** Opening RECORDS SUPPLIED block **

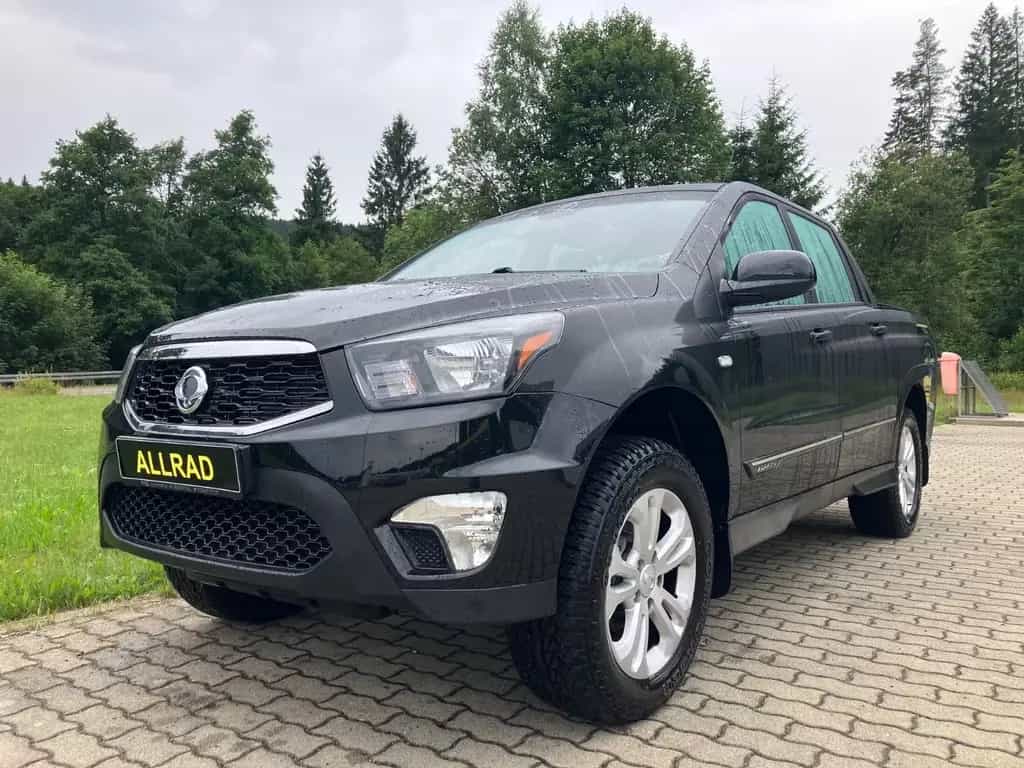 Ssangyong Actyon Sports Quatrz 4WD"1.Hand/AHK/Rollo/HUneu" 02/2019-photo-1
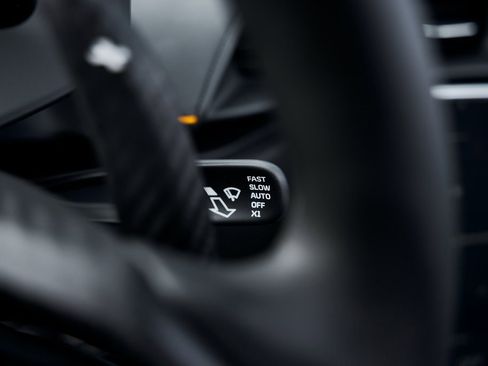 Used 2025 McLaren Artura image 56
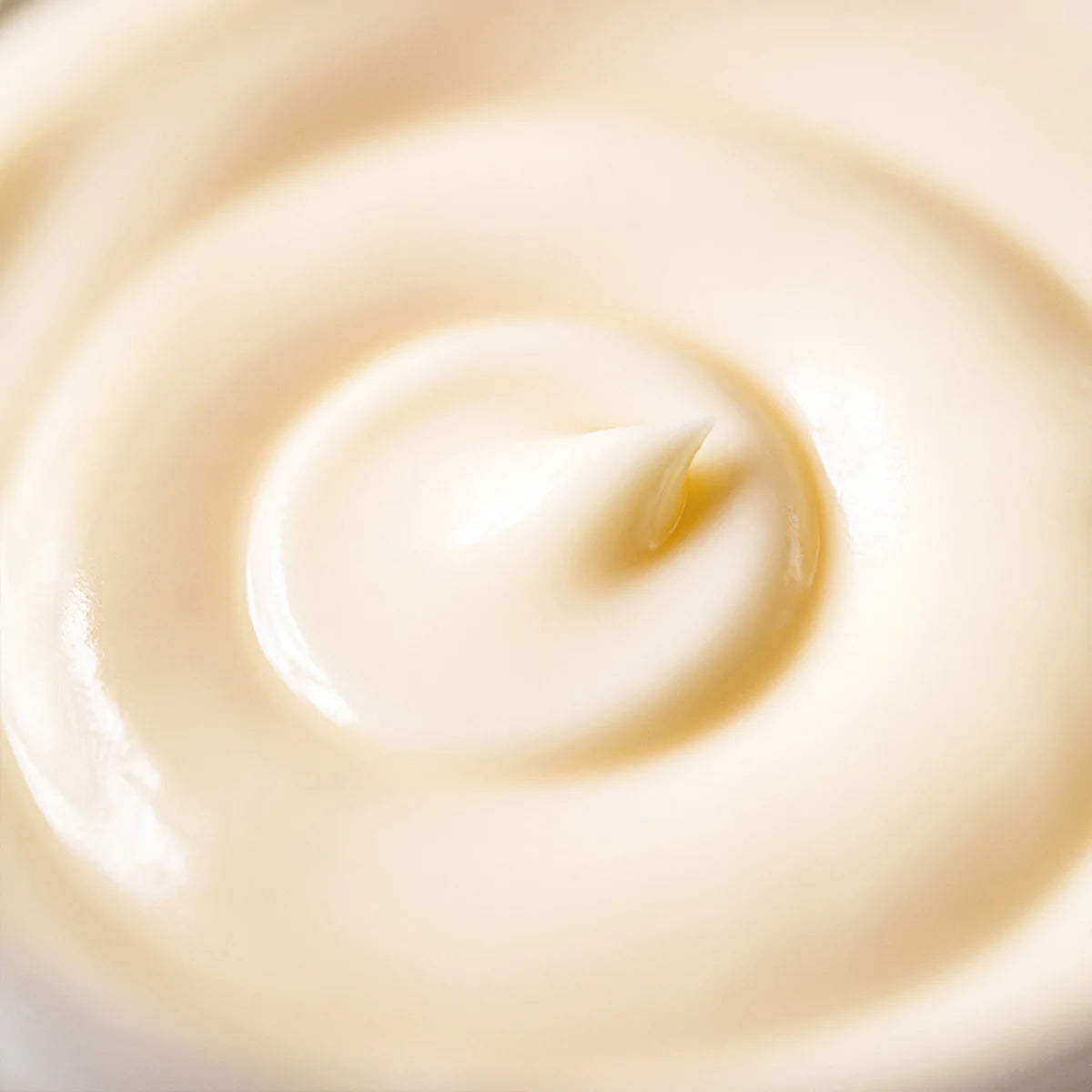 Illuminate Body Cream by Wildcraft - Frankincense and Geranium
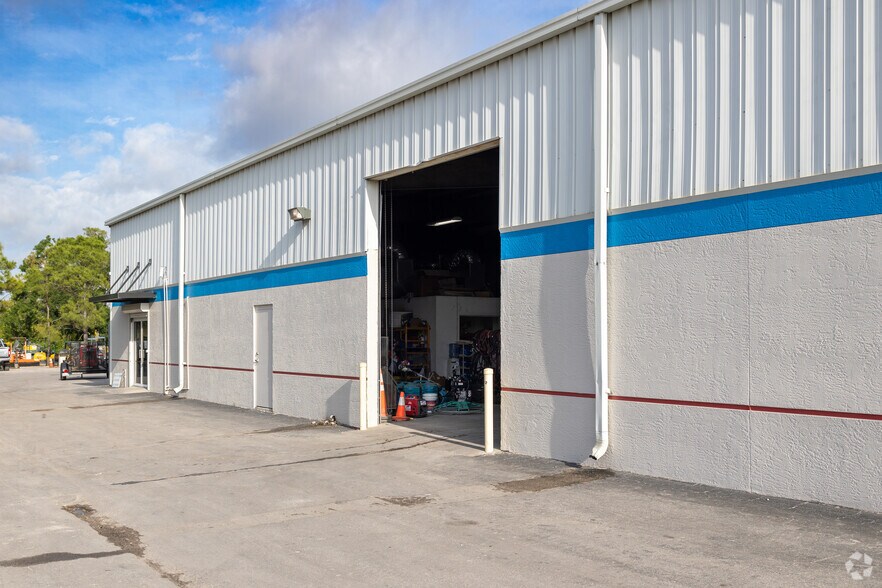 11680 Metro Pky, Fort Myers, FL à louer - Photo du bâtiment - Image 3 de 5
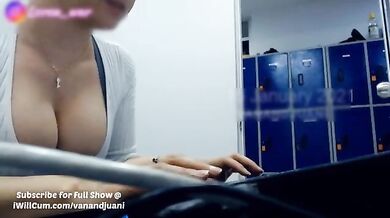 Indian Aunty MILF masturbating at her desk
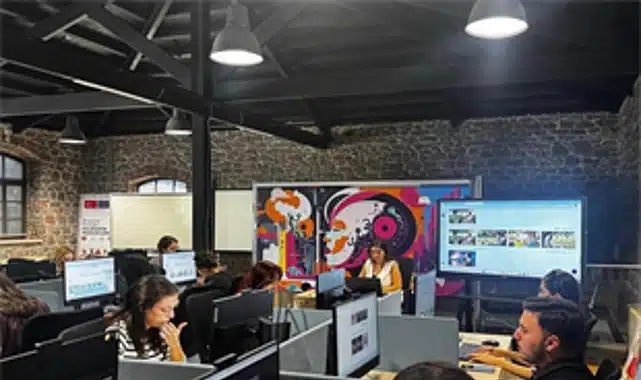 Büyükşehir’den gençlere “Canva” eğitimi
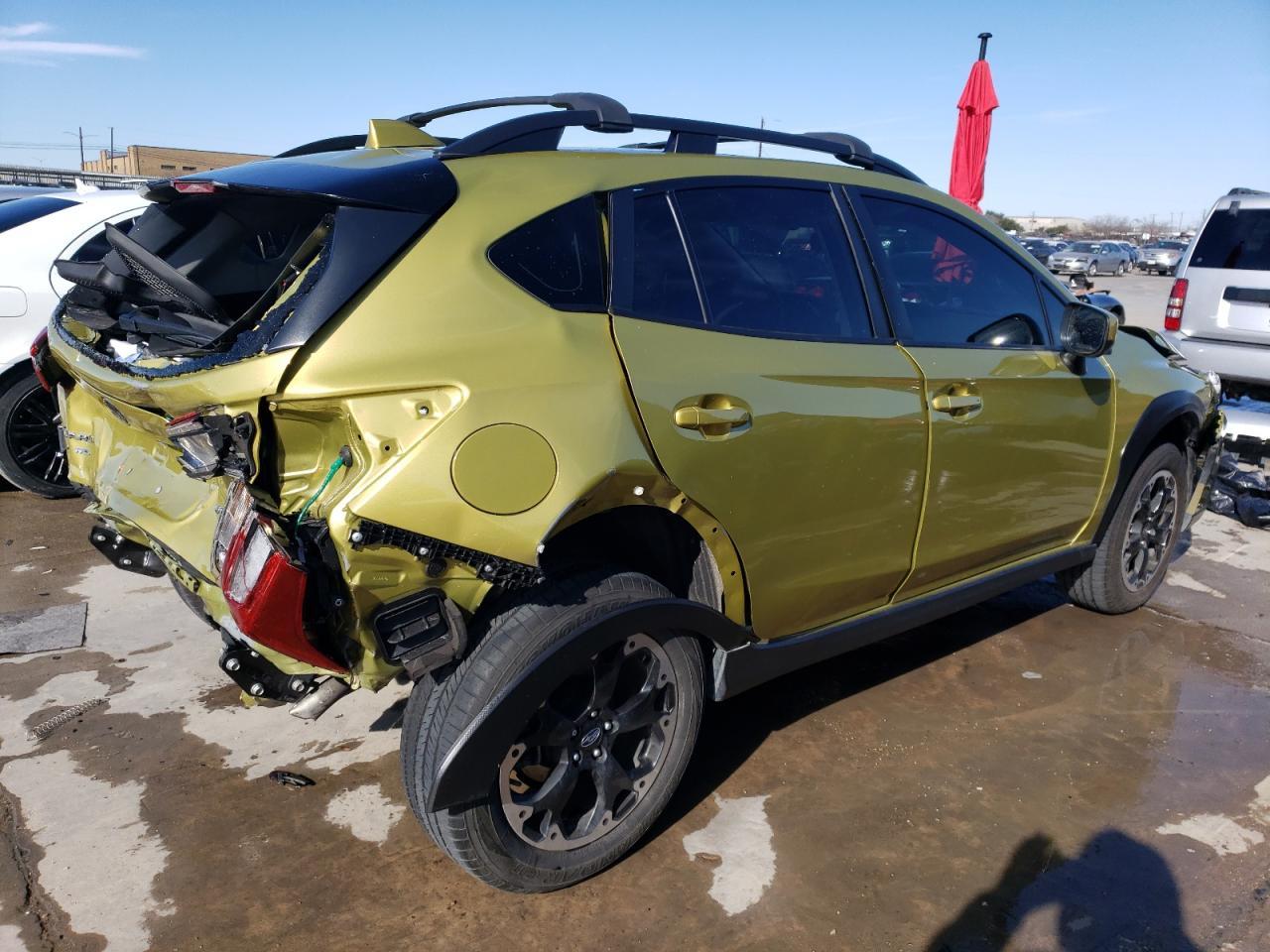 2021 SUBARU CROSSTREK - Фото 3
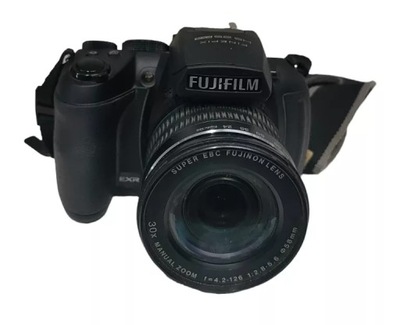 APARAT FUJIFILM FINEPIX HS25 EXR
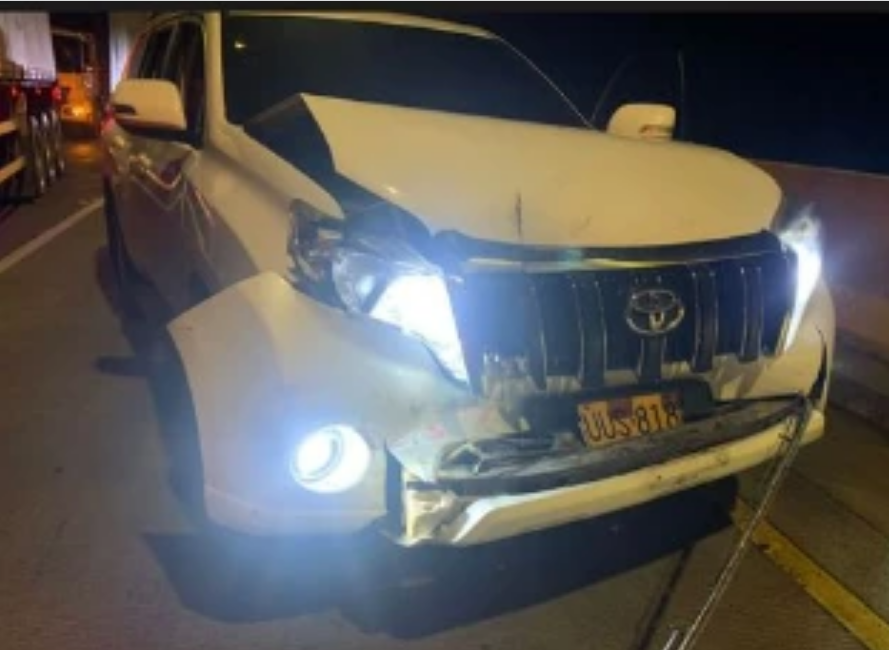 Músicos de Jhonny Rivera se accidentaron en La Línea; el carro quedó destruido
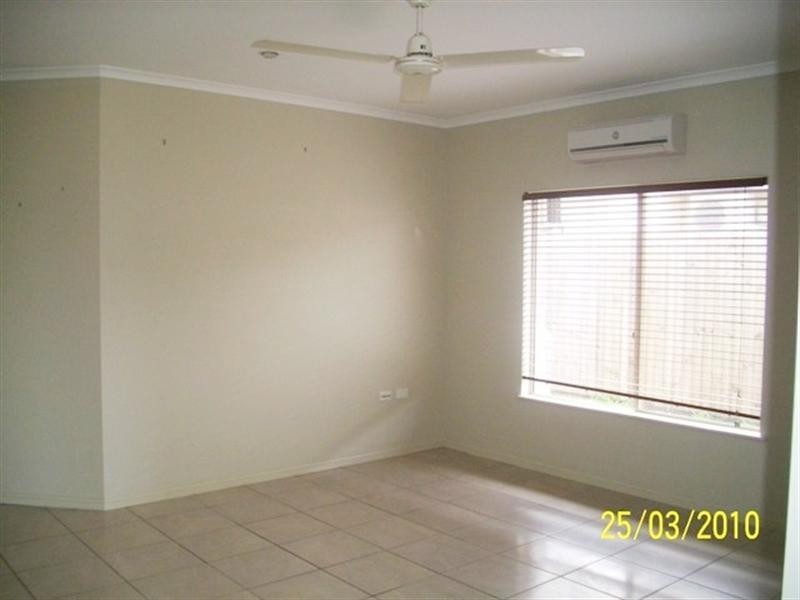 Bentley Park QLD 4869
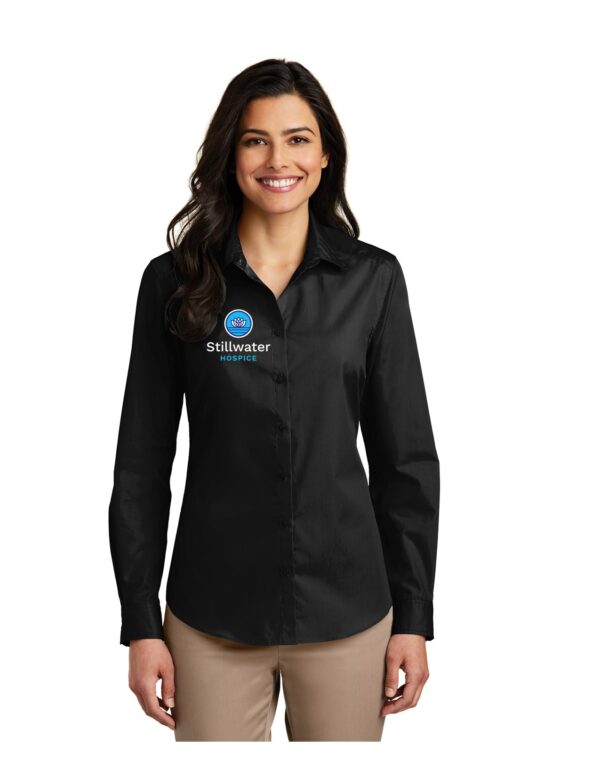 LW100 Port Authority Port Authority Ladies Long Sleeve Carefree Poplin Shirt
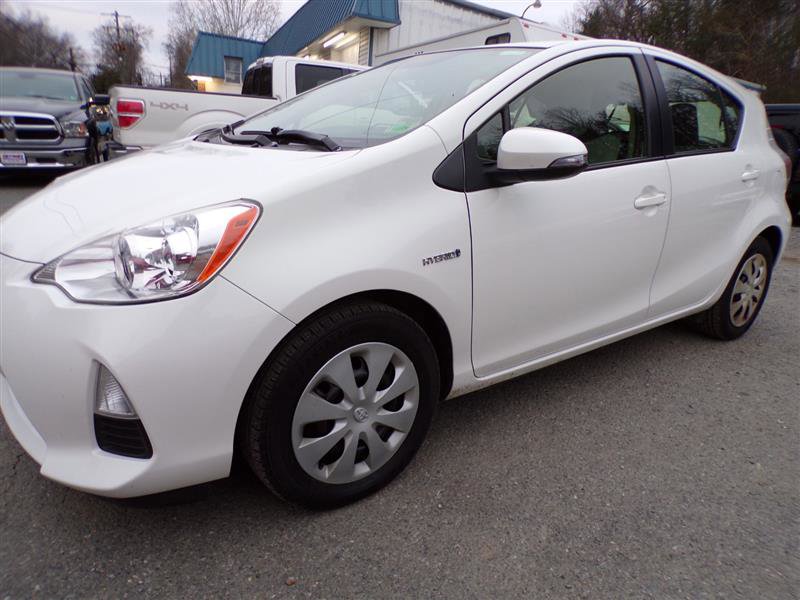 Used 2014 Toyota Prius C One image 5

** Closing RECORDS SUPPLIED block **

§ **WHAT NEEDS TO BE DONE**: In full and without changes, repeat the listing above, but not its pictures.

§ **RESPONSE FOR THIS EXERCISE**:
 Ssangyong Actyon Sports Quatrz 4WD"1.Hand/AHK/Rollo/HUneu" 02/2019-photo-1
 Used 2025 McLaren Artura image 56
 Illuminate Body Cream by Wildcraft - Frankincense and Geranium
 11680 Metro Pky, Fort Myers, FL à louer - Photo du bâtiment - Image 3 de 5
 Indian Aunty MILF masturbating at her desk
 Büyükşehir’den gençlere “Canva” eğitimi
 2021 SUBARU CROSSTREK - Фото 3
 APARAT FUJIFILM FINEPIX HS25 EXR
 Músicos de Jhonny Rivera se accidentaron en La Línea; el carro quedó destruido
 Bentley Park QLD 4869
 LW100 Port Authority Port Authority Ladies Long Sleeve Carefree Poplin Shirt
 Used 2014 Toyota Prius C One image 5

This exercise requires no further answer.